*** Supplied material Section Begins ***
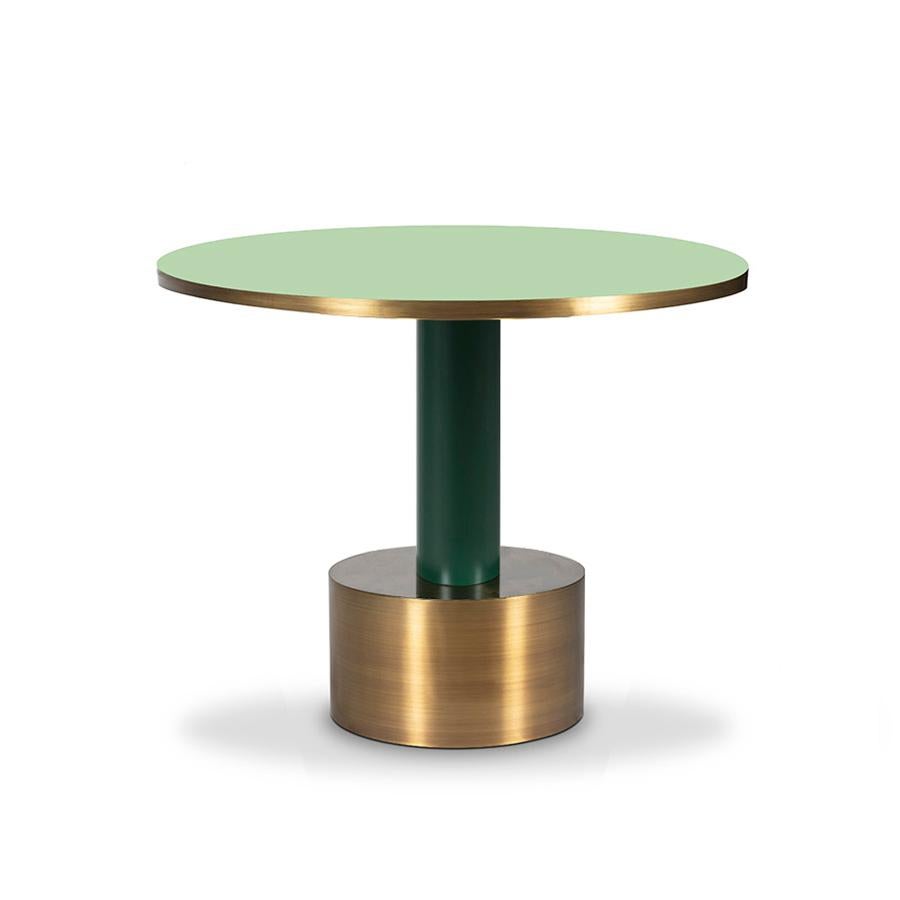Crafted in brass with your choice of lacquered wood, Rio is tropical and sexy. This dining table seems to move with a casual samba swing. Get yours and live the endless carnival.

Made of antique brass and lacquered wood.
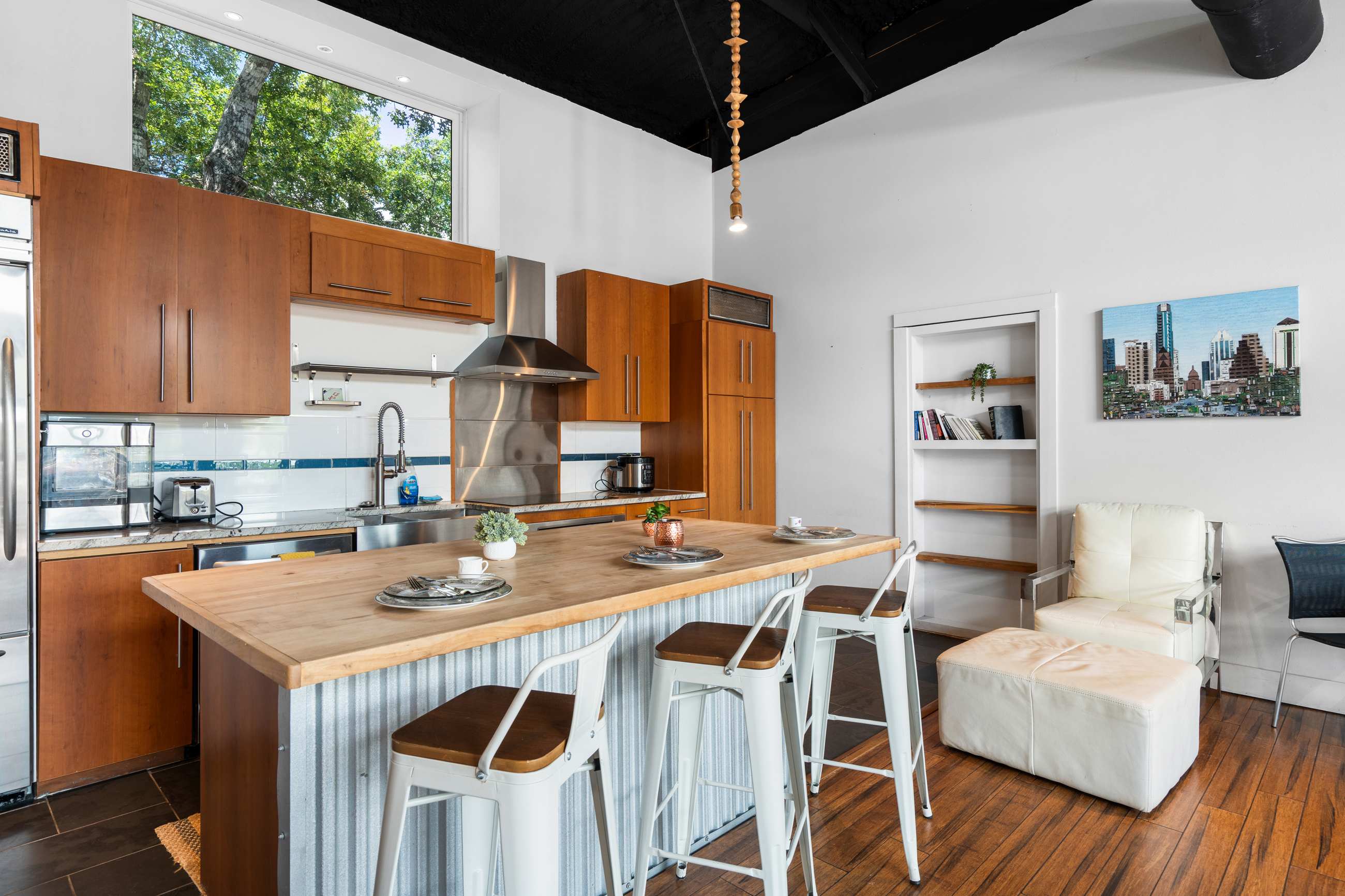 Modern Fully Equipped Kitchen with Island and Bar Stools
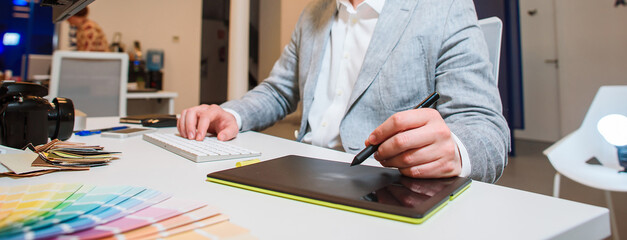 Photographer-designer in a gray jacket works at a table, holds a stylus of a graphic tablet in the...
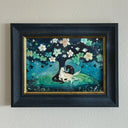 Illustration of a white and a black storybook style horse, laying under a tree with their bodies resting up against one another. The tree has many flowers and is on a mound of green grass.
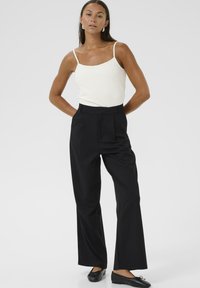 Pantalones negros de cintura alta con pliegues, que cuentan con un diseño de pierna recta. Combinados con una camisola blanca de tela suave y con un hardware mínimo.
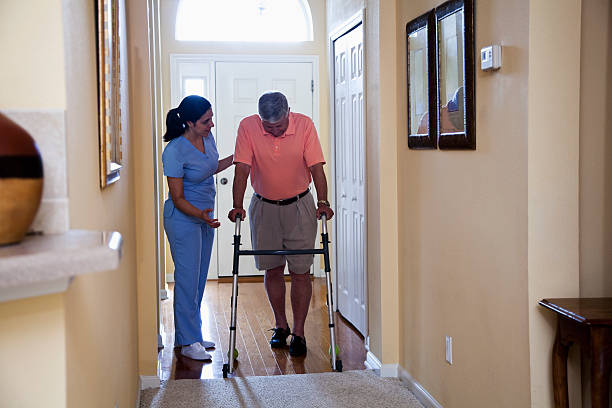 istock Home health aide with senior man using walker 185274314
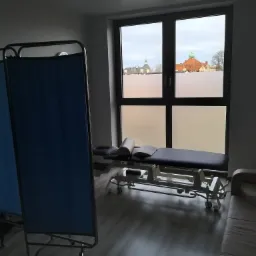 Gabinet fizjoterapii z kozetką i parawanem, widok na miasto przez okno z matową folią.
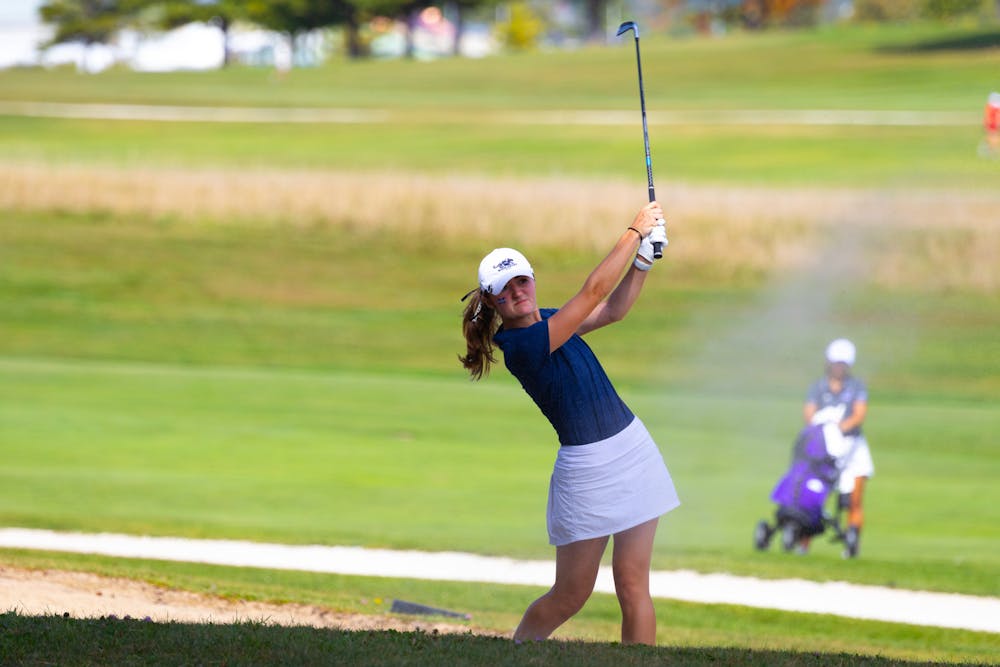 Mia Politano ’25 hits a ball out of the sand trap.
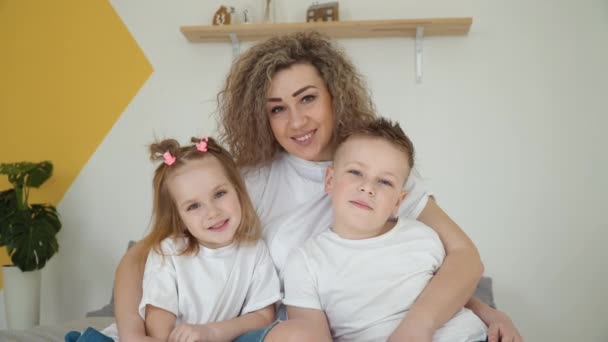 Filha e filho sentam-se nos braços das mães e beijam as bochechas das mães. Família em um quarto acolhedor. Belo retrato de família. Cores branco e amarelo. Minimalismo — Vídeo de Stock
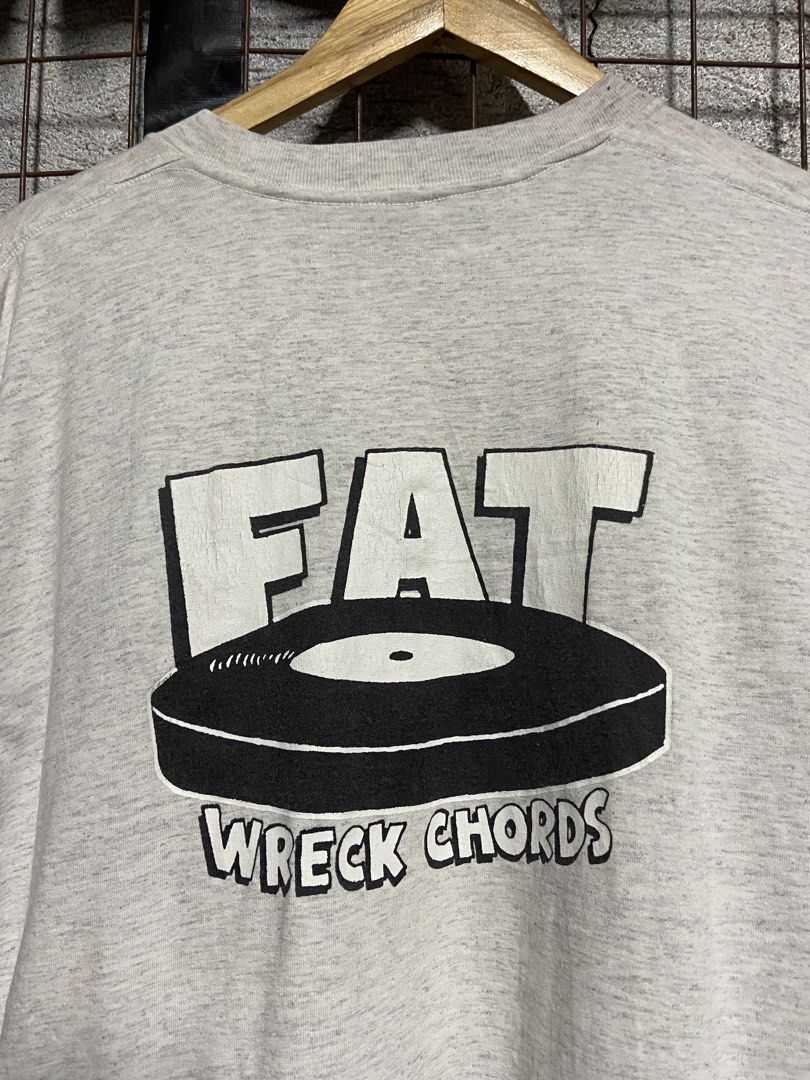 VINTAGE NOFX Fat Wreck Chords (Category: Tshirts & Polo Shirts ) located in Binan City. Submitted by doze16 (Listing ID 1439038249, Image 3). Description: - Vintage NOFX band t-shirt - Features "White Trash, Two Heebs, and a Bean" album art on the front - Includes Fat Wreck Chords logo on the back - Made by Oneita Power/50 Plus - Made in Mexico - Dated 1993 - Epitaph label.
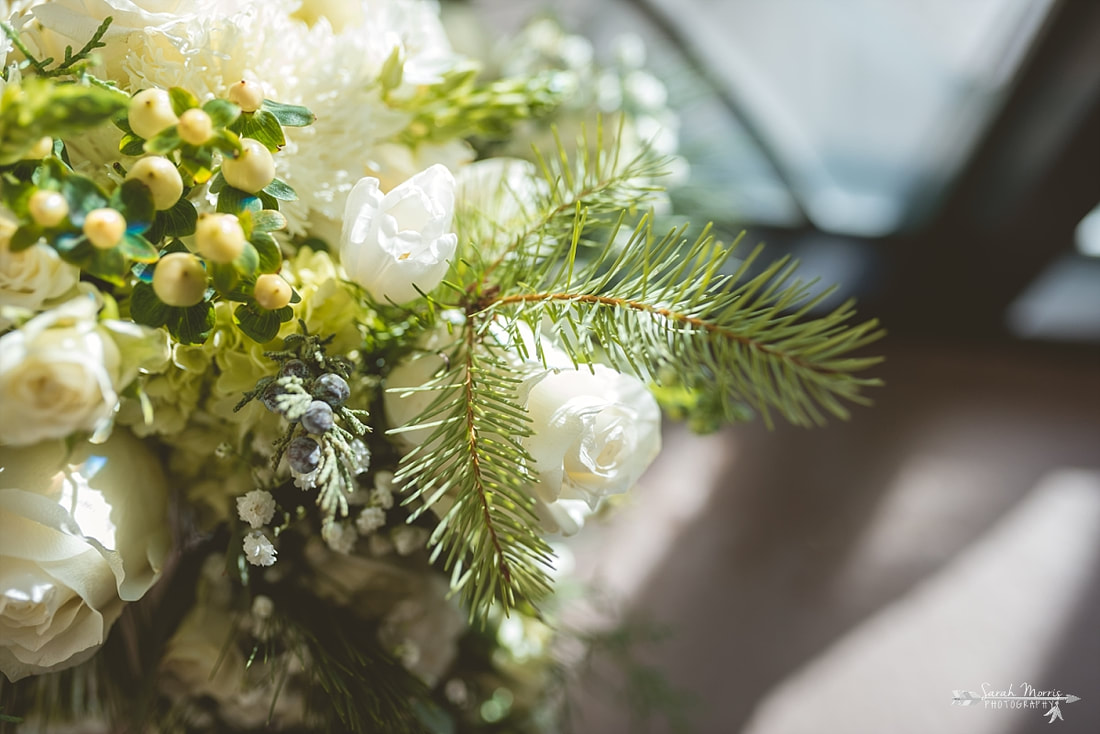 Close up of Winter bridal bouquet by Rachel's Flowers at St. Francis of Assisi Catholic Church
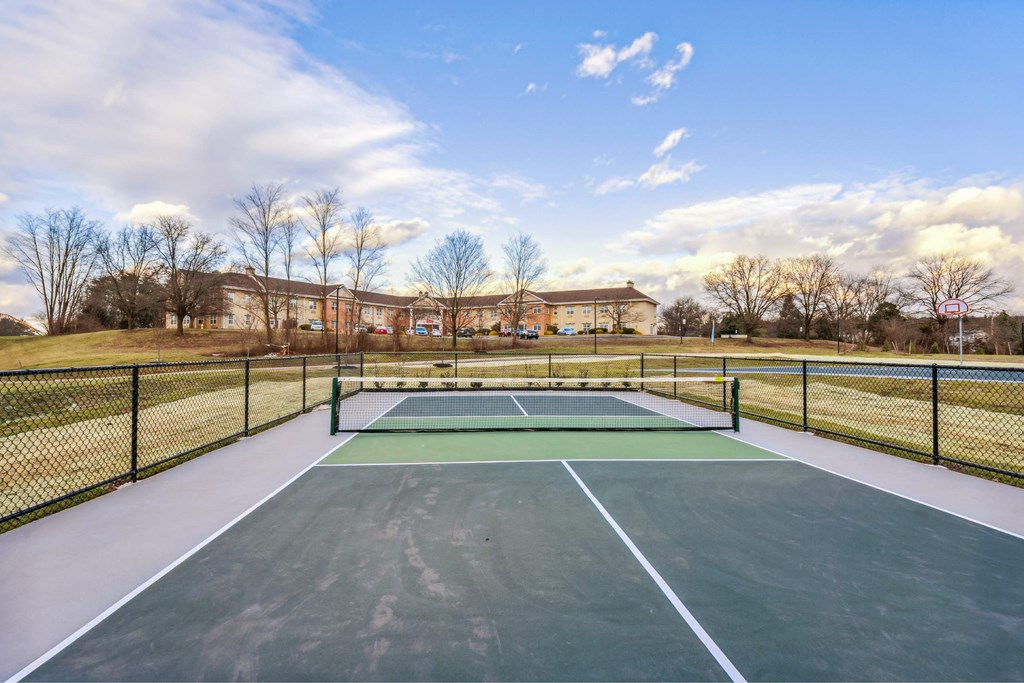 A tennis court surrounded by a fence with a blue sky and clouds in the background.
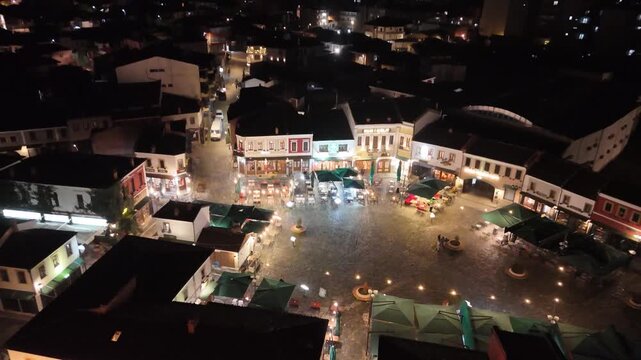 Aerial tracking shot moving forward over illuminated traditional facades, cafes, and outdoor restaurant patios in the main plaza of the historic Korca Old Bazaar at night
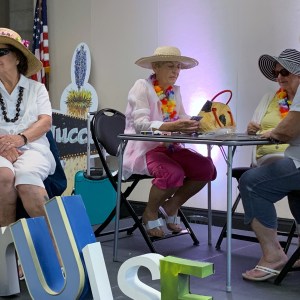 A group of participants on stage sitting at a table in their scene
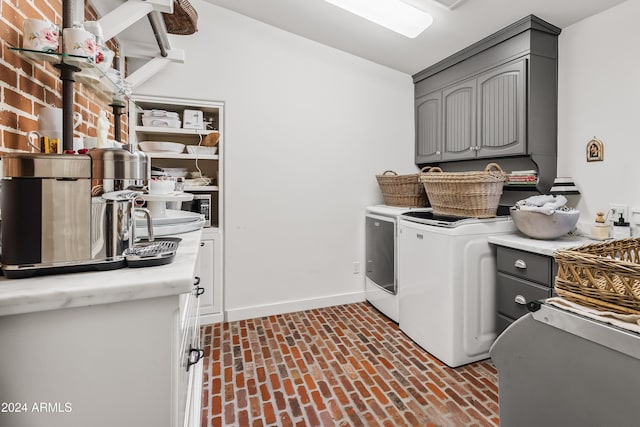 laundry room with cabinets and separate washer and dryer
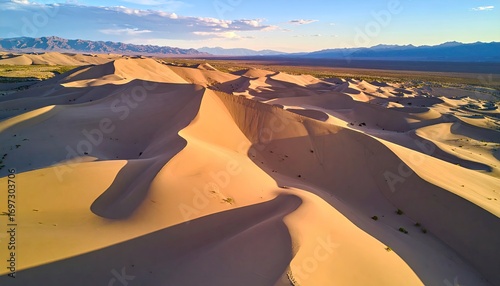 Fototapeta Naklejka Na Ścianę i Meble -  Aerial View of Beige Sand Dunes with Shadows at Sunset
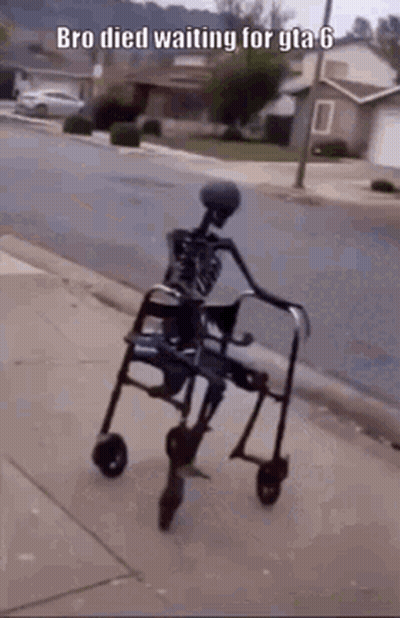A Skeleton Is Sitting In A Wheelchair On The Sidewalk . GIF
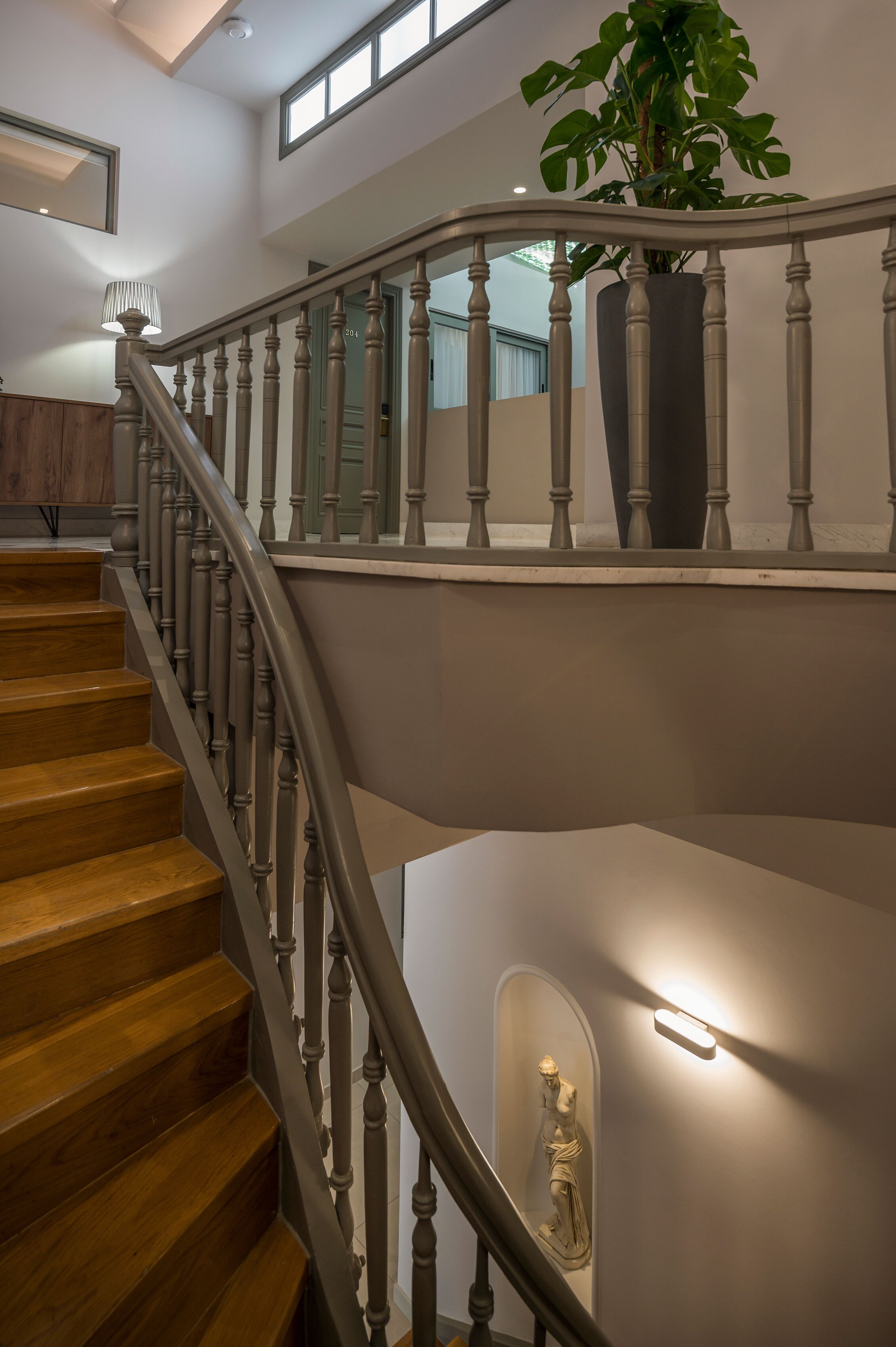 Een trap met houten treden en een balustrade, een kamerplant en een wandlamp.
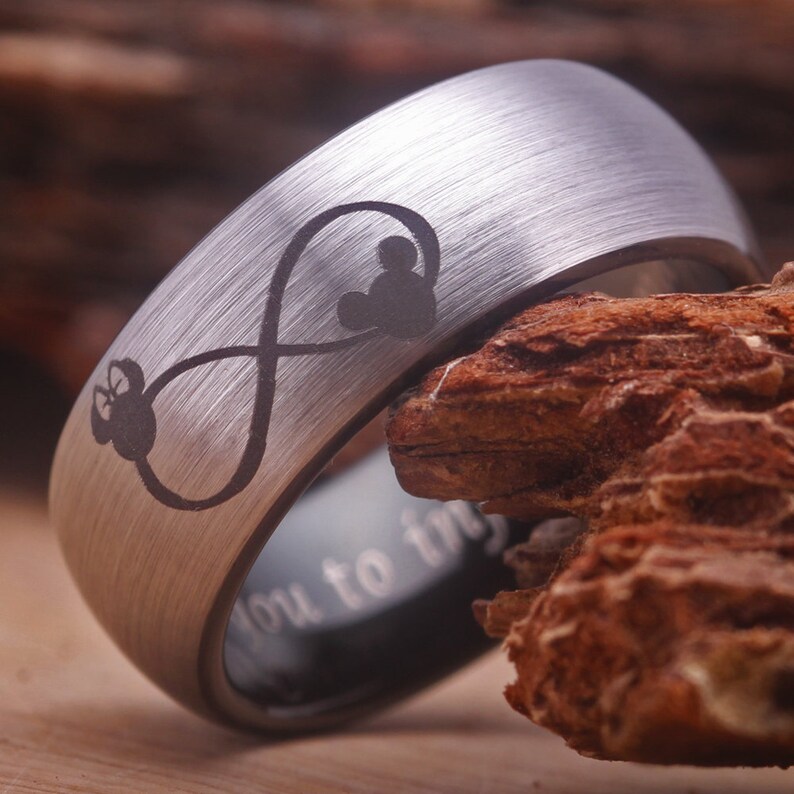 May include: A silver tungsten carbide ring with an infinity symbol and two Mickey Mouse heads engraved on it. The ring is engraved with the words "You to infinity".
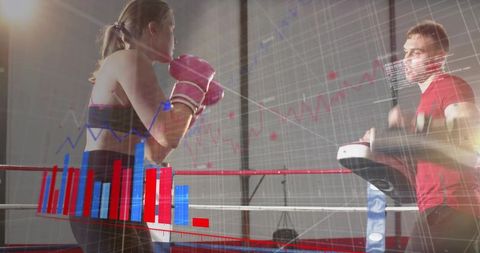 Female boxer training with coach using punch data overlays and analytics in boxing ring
*** Supplied material Section Ends ***
● **Assigned task**: Lines from the one above containing "VINTAGE NOFX Fat" down to the one containing "A Skeleton Is" should be transcribed exactly, with both ends kept and no pictures.

● **Exercise response**:
 VINTAGE NOFX Fat Wreck Chords (Category: Tshirts & Polo Shirts ) located in Binan City. Submitted by doze16 (Listing ID 1439038249, Image 3). Description: - Vintage NOFX band t-shirt - Features "White Trash, Two Heebs, and a Bean" album art on the front - Includes Fat Wreck Chords logo on the back - Made by Oneita Power/50 Plus - Made in Mexico - Dated 1993 - Epitaph label.
 Close up of Winter bridal bouquet by Rachel's Flowers at St. Francis of Assisi Catholic Church
 A tennis court surrounded by a fence with a blue sky and clouds in the background.
 Aerial tracking shot moving forward over illuminated traditional facades, cafes, and outdoor restaurant patios in the main plaza of the historic Korca Old Bazaar at night
 A group of participants on stage sitting at a table in their scene
 laundry room with cabinets and separate washer and dryer
 Fototapeta Naklejka Na Ścianę i Meble -  Aerial View of Beige Sand Dunes with Shadows at Sunset
A Skeleton Is Sitting In A Wheelchair On The Sidewalk . GIF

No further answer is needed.